The CDU was battered across most of the country, with an especially dismal performance in the eastern states of the former GDR. It shed votes to every other party except the far-right Alternative for Germany (AfD) and the hard-left Die Linke. Over 1.3m voters, concentrated among the elderly, defected to the SPD. Several CDU cabinet members lost their direct seats (although they will, under Germany’s mixed-member proportional system, return to parliament on party lists). The Baltic-coast seat vacated by the departing Mrs Merkel went to the SPD. Infuriatingly for those CDU members who had grown frustrated with the lukewarm support, or worse, from their notional Bavarian allies, the CSU lost just one seat compared with the CDU’s 49.

Much of the blame falls on the shoulders of Armin Laschet, the unconvincing candidate chosen by the CDU/CSU to fill Mrs Merkel’s shoes. In the campaign’s closing stages Mr Laschet relied increasingly on the negative message that the CDU/CSU had to be re-elected to block Mr Scholz from inviting Die Linke, along with the Greens, into government.
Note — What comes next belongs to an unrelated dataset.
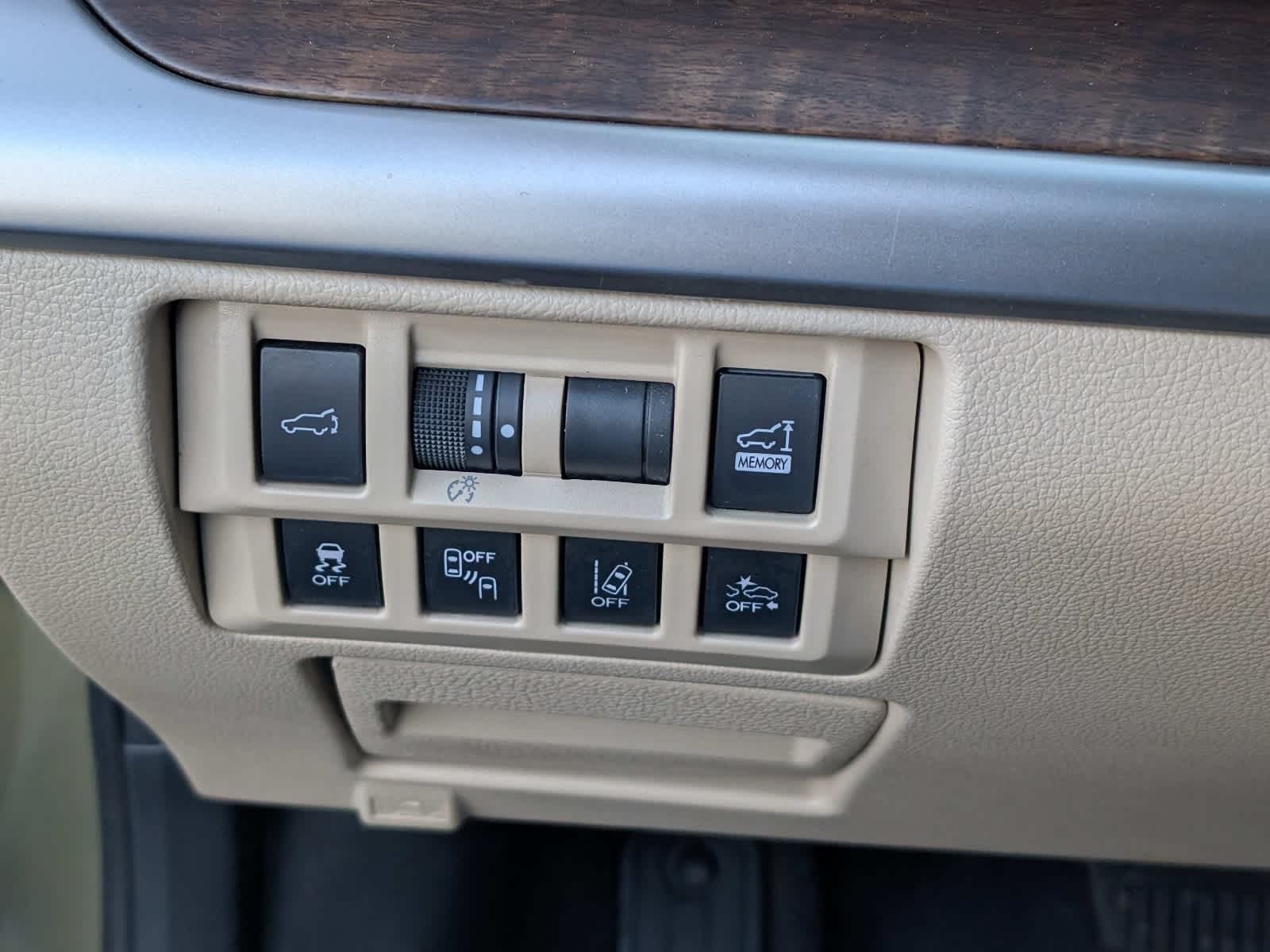 2018 Subaru Outback Limited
Never entirely plausible, this proposition will not be tested because the notional left-wing coalition does not enjoy a majority.

The CDU/CSU seemed no better prepared for the election aftermath. Rashly, Mr Laschet claimed to have discerned a “clear mandate” to lead a “Jamaica” coalition, with the Greens and the Free Democrats (FDP), a small, liberal outfit, as junior partners (the parties’ colours match the island’s flag). As the scale of the defeat sank in, he ditched that dubious notion in favour of another: that the second-placed party in German elections had often proceeded to form a government. Yet none had suffered a defeat on the scale of the one he had overseen. As several of Mr Laschet’s colleagues pointed out, the party needed a better argument than this to stay in office.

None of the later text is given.